All’appello mancherebbe un’ulteriore vittima, come avrebbero confermato i 21 superstiti del naufragio, i quali parlano di 27 persone – 8 nuclei famigliari composti da cittadini siriani – imbarcate sulla scialuppa di fortuna.

A soccorrerli i membri dell’equipaggio della nave Phoenix, già richiamata in quella zona per un altro salvataggio. L’imbarcazione, che fa parte di una missione della Croce rossa italiana e di Moas, ha trovato i corpi di una neonata, un uomo e due donne, mentre l’altra bambina deceduta è stata avvistata da un peschereccio; vane le ricerche della sesta vittima.

Tra Catania e Trapani è previsto per la mattinata di oggi l’arrivo di circa 540 persone sopravvissute all’ardua traversata del Mediterraneo.

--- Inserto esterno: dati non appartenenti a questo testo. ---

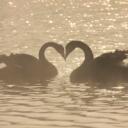Swan Lake Hangout Discord Server Icon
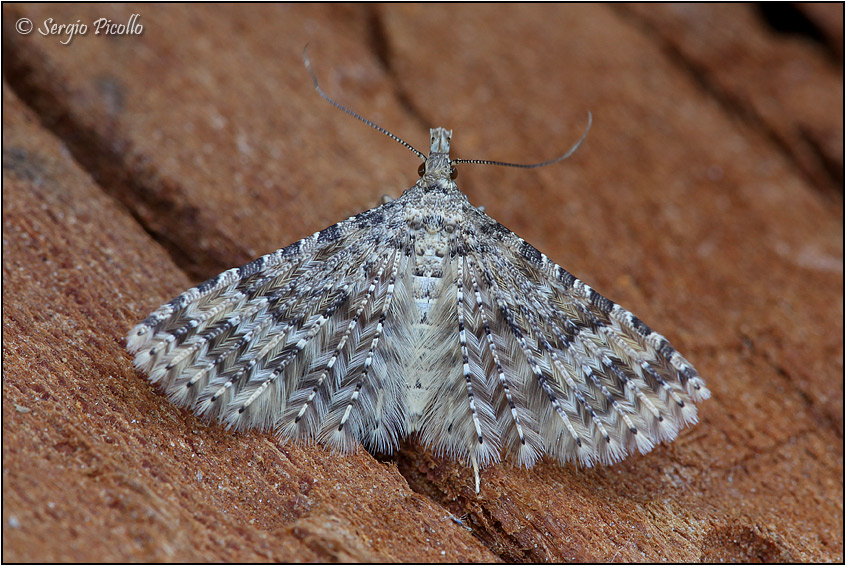 Alucita huebneri - Alucitidae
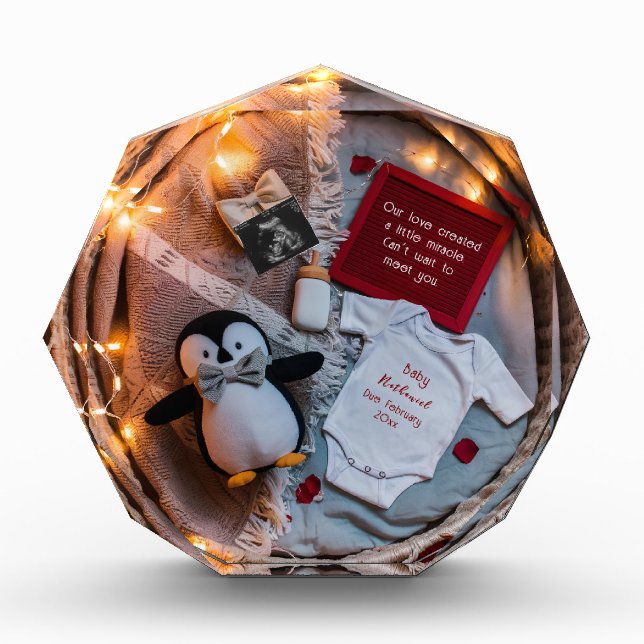 A little penguin love pregnancy announcement  photo block (Front)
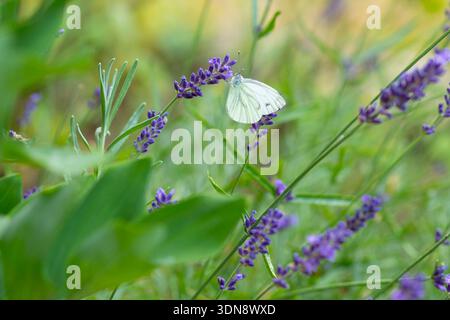 Zitronenfalter Gonepteryx rhamni an Blüten vom Lavendel Lavandula, Sachsen, Deutschland *** farfalla di limone Gonepteryx rhamni su fiori di lavanda L Foto Stock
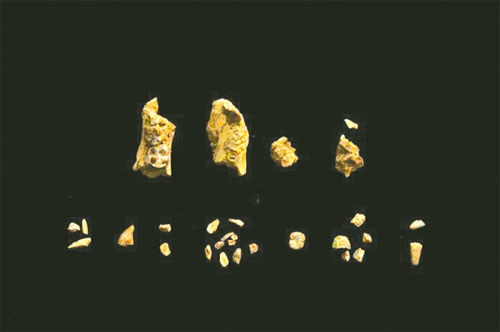 العثور على هيكل طفل عمره 3.5 ملايين سنة في إثيوبيا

La confondatrice di Moas Regina Catrambone ha ricordato quanto sia impellente un impegno più deciso da parte della comunità internazionale affinché abbia fine la guerra che sta mietendo tante vittime anche fra chi scappa da essa: “È molto triste e frustrante essere testimoni della tragica perdita di vite umane in mare, in particolare quella di un bambino così piccolo. È tempo che la comunità internazionale faccia i conti con questa realtà e trovi subito vie sicure e legali per coloro che sono più vulnerabili affinché possano avvalersi dei diritti e delle tutele cui hanno diritto”.

Dall’inizio della guerra civile sarebbero giò morti 50mila bambini, mentre solo nel 2016 circa il 27% dei migranti arrivati in Europa sono bambini.

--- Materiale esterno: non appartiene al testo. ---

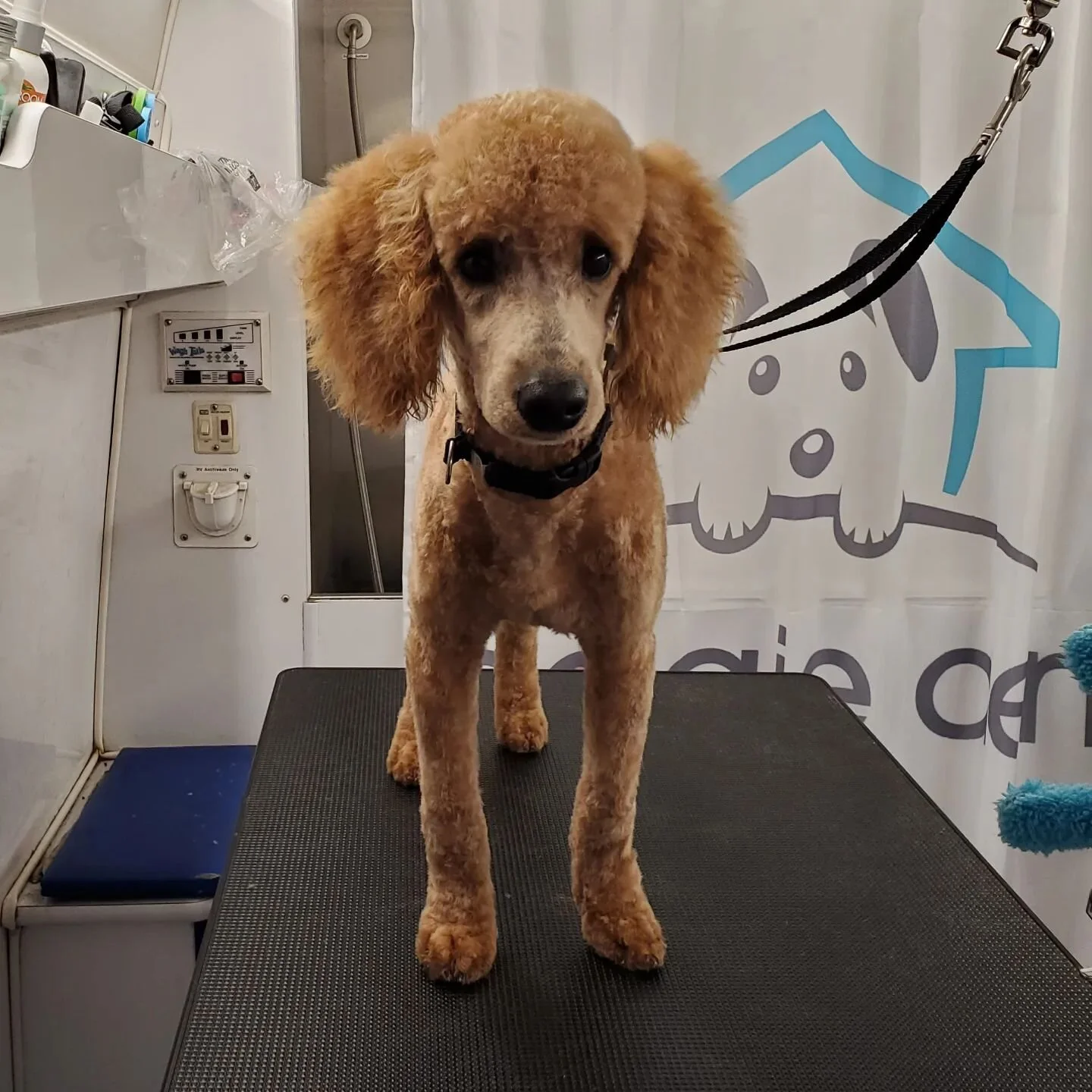 Book online @ doggie-den.com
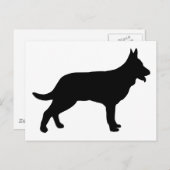 Carte Postale Berger (Devant / Derrière)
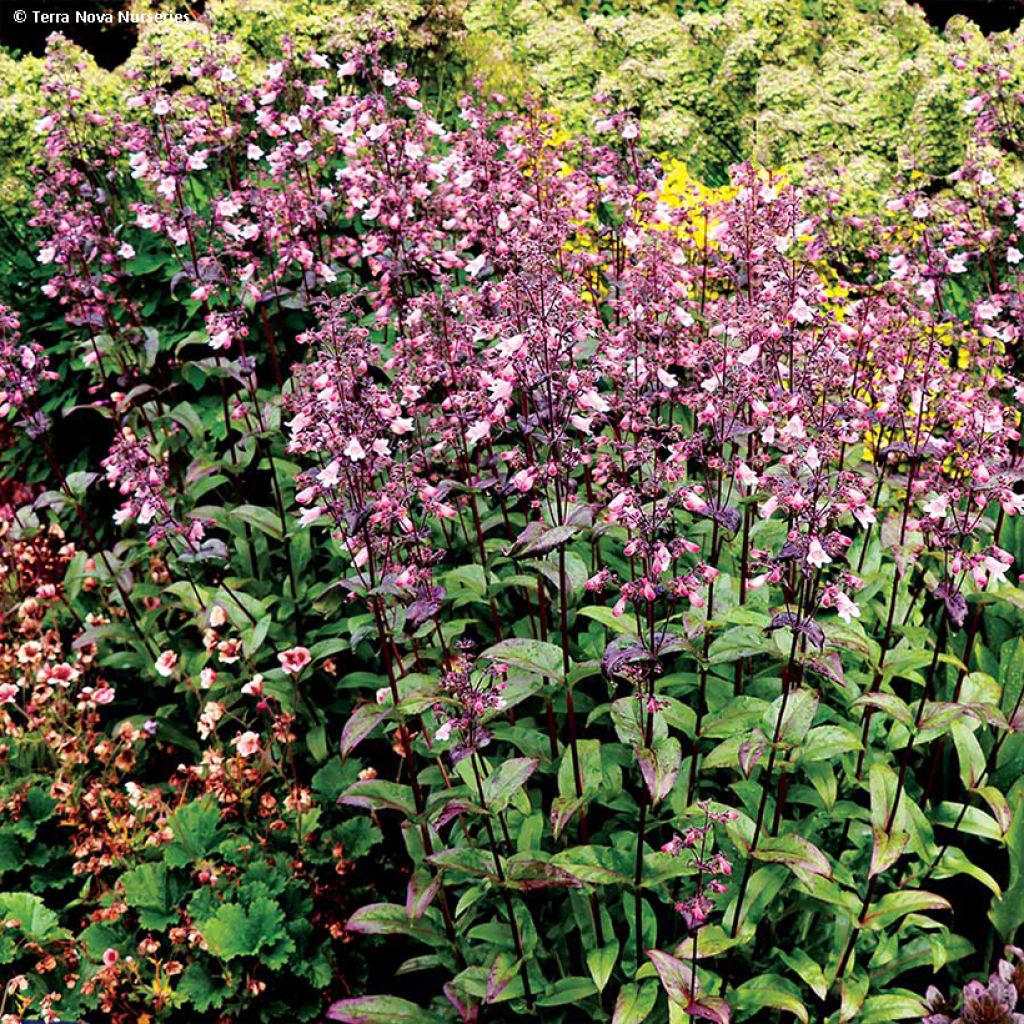 Penstemon digitalis Dakota Verde (Dakota Series) - Galane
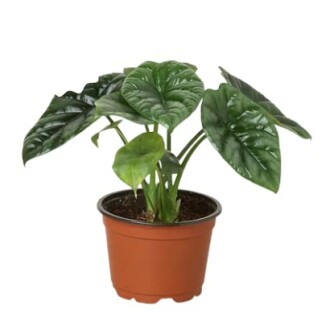 Potted green plant with large leaves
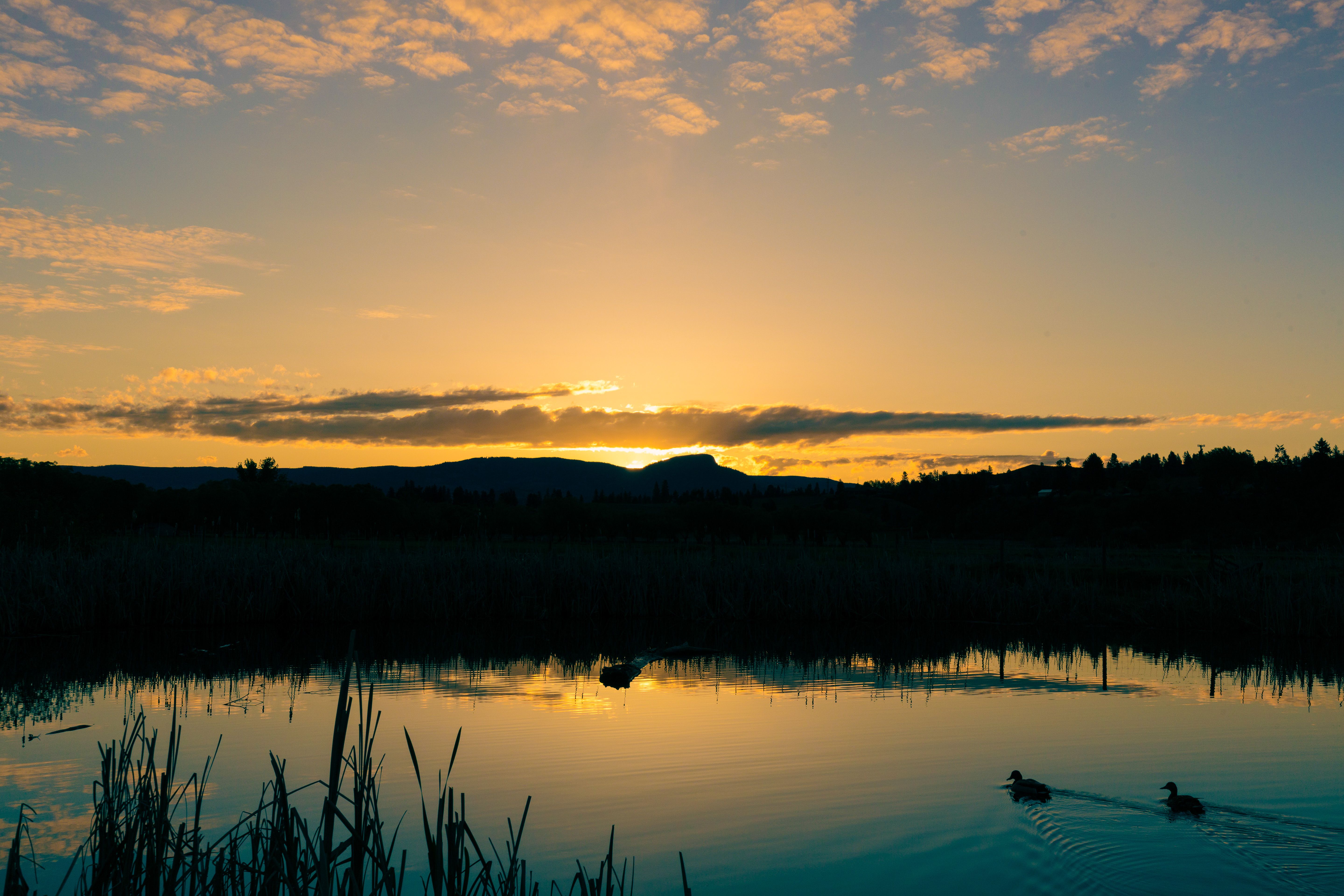 Thomson Marsh Park — Photo by scott goldsworthy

A fare eco alla Catrambone anche Francesco Rocca, presidente nazionale di Croce Rossa Italiana: “La comunità internazionale non ha aggredito le cause che portano ai flussi migratori, come le guerre e la fame. C’è un bisogno immediato di accesso umanitario in ogni parte del viaggio e di vie sicure e legali di arrivo per evitare altre tragedie”.